My wife and I loved this crazy movie! As far as we’re concerned, it’s the first worthy successor to Idiocracy—skewering our dumb culture, dumber media and even dumber politics.


It’s especially remarkable given that this type of big-budget farce is the easiest thing to make into a leaden disaster. I can’t recall how many amateur scripts I’ve read that try to write this kind of broad satire...and it’s just painful when it’s not done at this kind of ultra-high level.


The secret sauce is to understand people and nail the human emotion—and this is a very emotional movie. The ending (no spoilers) is beautiful. The characters all feel real, and very contemporary.


Whereas in amateur scripts, by the way, they just make all the characters shallow idiots.


Of course, Don’t Look Up is helped by a freakish A-list of talent: Leonardo DiCaprio, Jennifer Lawrence, Meryl Streep (as a uniquely Meryl version of a Trump/Palin president), Mark Rylance, Timothee Chalamet, Cate Blanchett (doing a great Megyn Kelly)—I mean, wow.


There are great actors, and great movie stars, but it’s super rare to have them both in the same person (a la Brando or, well, Meryl Streep)—this is an Avengers-level collection of acting talent, and they’re all pitch-perfect.
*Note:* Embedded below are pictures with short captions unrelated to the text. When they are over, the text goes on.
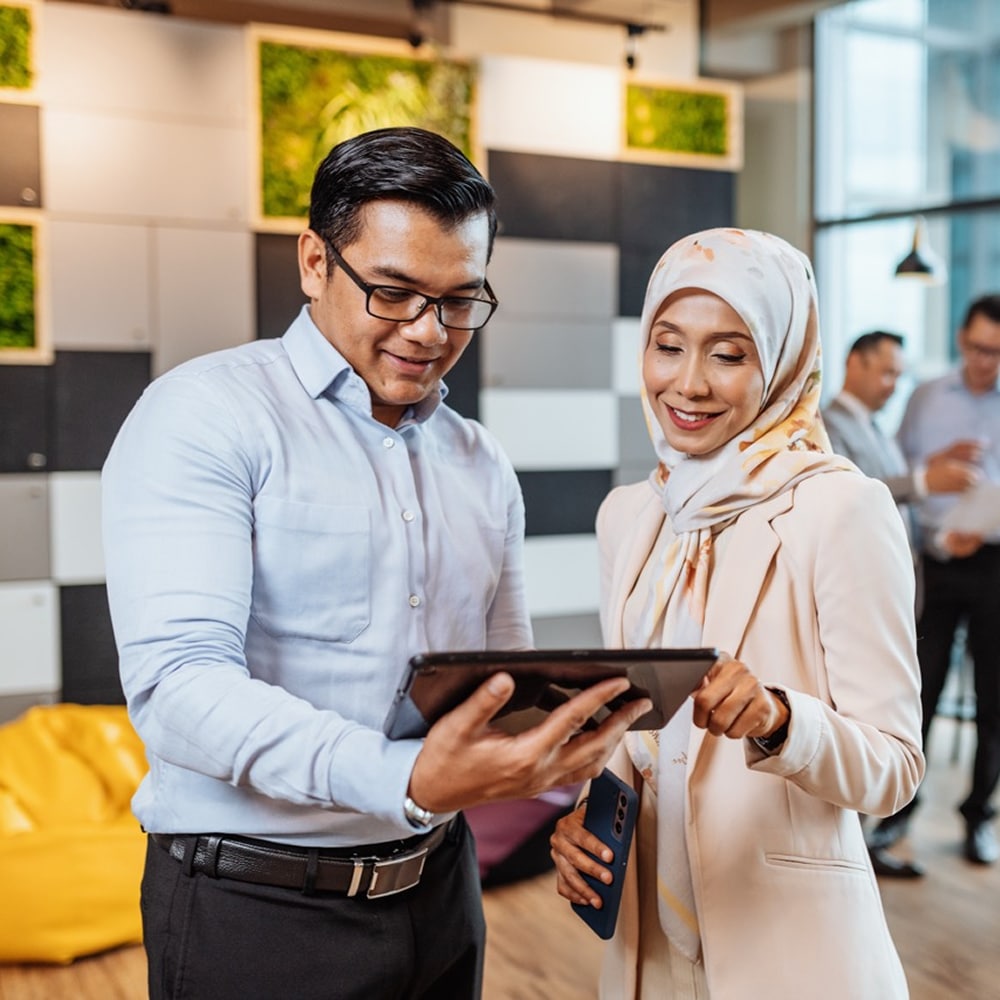 Diverse co-workers looking at a tablet in the office.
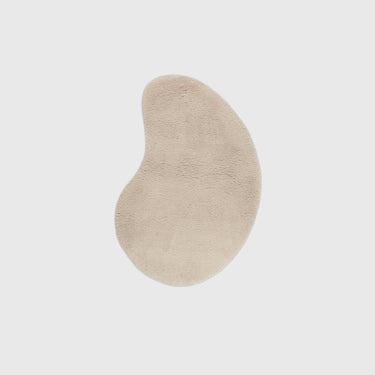 An organic-shaped beige plush rug centered on a light gray background.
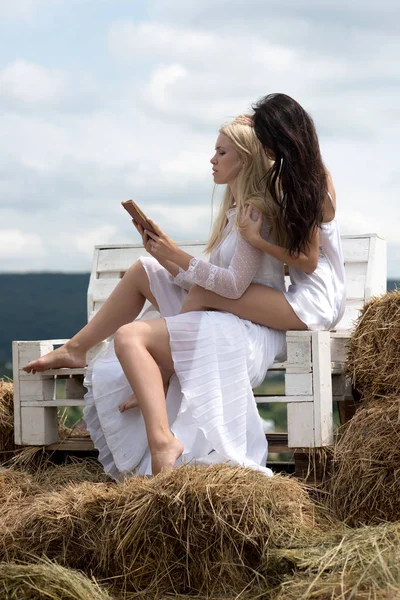 Meisjes boek lezen op houten bankje op hooi — Stockfoto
And that’s not even to list the supporting players: Melanie Lynskey, Rob Morgan, Jonah Hill, Michael Chiklis, Ron Perlman. What a delight to watch.


I guess it’s not a surprise this is so good, and the cast is so stellar—Adam McKay kind of has this super-smart, left-wing-political pop genre all to himself, and he’s so good at it. (I also love Succession, and am loving Winning Time.) So of course people would jump to be a part of his next Netflix movie.


And the score is great! Nicholas Brittell is really terrific, and I’m becoming a big fan.


This kind of film has a tone that must be almost impossible to nail—I mean, how do you musically put your tongue in your cheek?


But Brittell’s main theme, a kind of rollicking big band number, plays up the party atmosphere of our idiotic (but very human) society, while the softer, twinkly stuff captures the sincerity of the characters.

I did find myself recollecting Justin Hurwitz’s score to First Man at times, and maybe that was some kind of model for them? I honestly don’t know. But it wouldn’t surprise me if at some point in the filmmaking process they needed temp music, and somebody thought, “What’s a piece of modern, inspirational film music for a rocket launch?”—and grabbed First Man to try against picture: “Ah, okay, this is a direction to try.”


To play it mostly straight, but skew it just a bit for the comedy and satire—and still have it be so musical and delightful and well-produced...this is not easy!


Love the schmaltzy solo violin in this track for the comically incompetent and malevolently greedy “BASH Corporation” and their ludicrous video:

I’ve seen three of the five films with Best Score nominees—Dune, The Power of the Dog and Don’t Look Up—and totally agree with those choices.


I would expect Dune to win—and I would vote for it, myself.


Also, many thanks to the Don’t Look Up team for designing their soundtrack album cover to look like an actual, distressed 1960s vinyl—yay!